The Australian Taxation Office (ATO) is reminding business owners and taxpayers not to make the mistake of double-dipping their deductions as they start to put together their tax returns.
“Around 8.4 million Australians claimed nearly $19.8 billion in work-related expenses in 2021,” ATO Assistant Commissioner Tim Loh explained. “That’s a lot of deductions so we want to make sure you get it right the first time. It’s important you claim what you’re entitled to – no more, no less.”
Taxpayers are being reminded to remember the rules for claiming different types of work-related expense, depending on the type of job, individual circumstances, and whether there are the required records to support the claim.
“While some people make genuine mistakes, we do see people trying to gain an unfair advantage by claiming incorrect or false expenses,” Loh said. “A mistake that we often see in tax returns is people claiming expenses twice. You wouldn’t double-dip your chip, so don’t double-dip your deductions.”
The ATO is highlighting the fact that it is using sophisticated data analytics to monitor for incorrect information. Any taxpayer found to be deliberately providing incorrect information will face an audit, and potentially penalties.
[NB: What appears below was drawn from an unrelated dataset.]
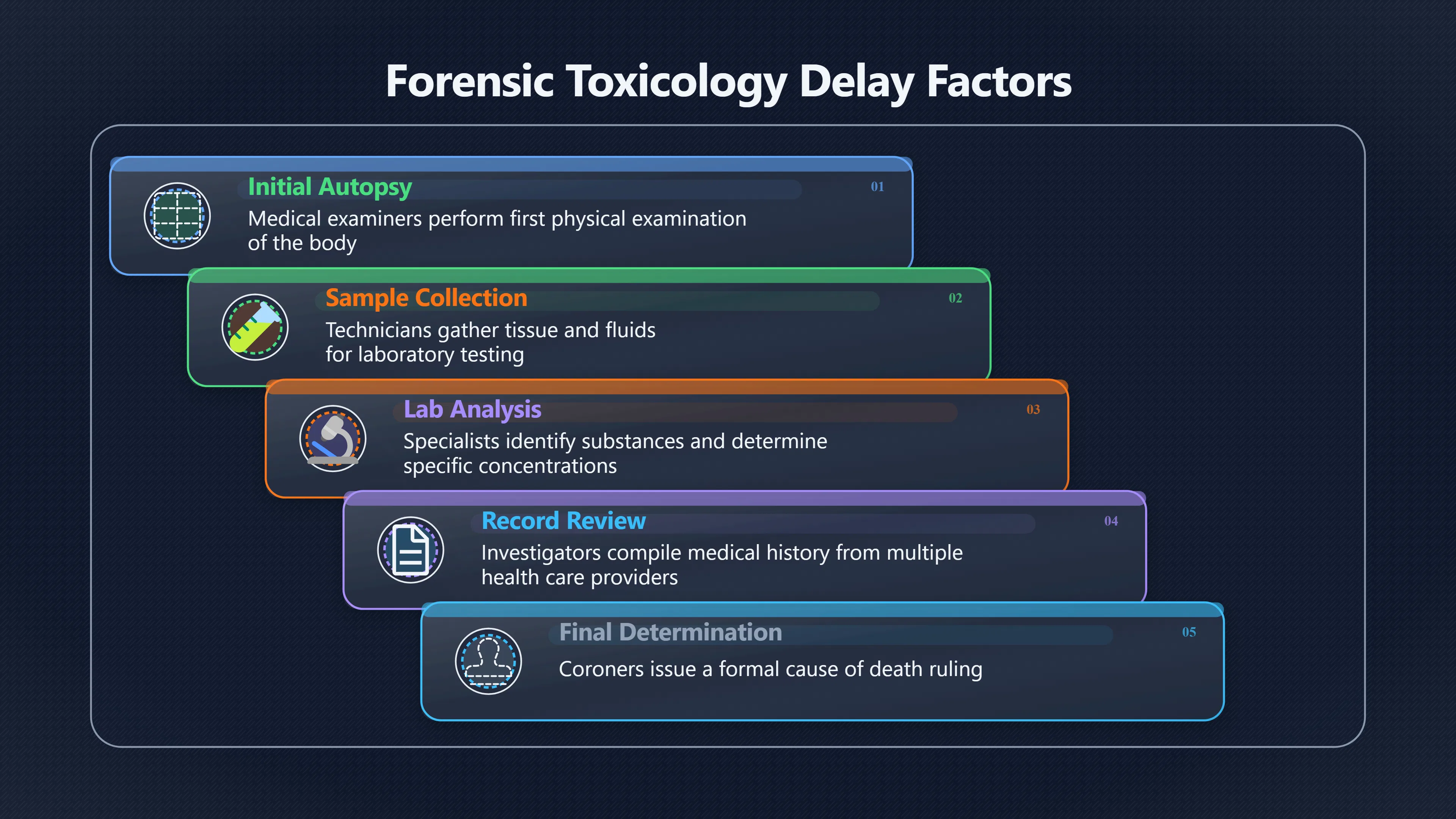 Overview image for What Pending Really Means in Suspicious Lists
They have also announced that they are taking a look at three key practices which are considered mistakes often committed in filing tax returns.
First is the practice of the “shortcut method” to claim working-from-home expenses and then double-dipping, claiming additional amountsfor expenses such as their mobile phone and internet bills, as well as the decline in value of equipment and furniture. The agency reminds that claiming of working-from-home expenses is all-inclusive.
The second is with regard to work-related car expenses, wherein taxpayers use the cents per kilometre method to make their claim and then double-dipping by claiming expenses separately such as fuel, car insurance, and registration. The ATO stated that the cents per kilometre rate is all-inclusive and covers decline in value, registration, insurance, maintenance, repairs, and fuel costs and such expenses can’t be added on top of the rate when calculating deductions.
Finally, the ATO will be making sure that taxpayers aren’t claiming expenses where they have already been reimbursed by their employer.
“If your boss has reimbursed your dry-cleaning costs for your uniform, but you then claim laundry deductions on your tax return, well you’re picking your neighbours’ pockets,” Loh said.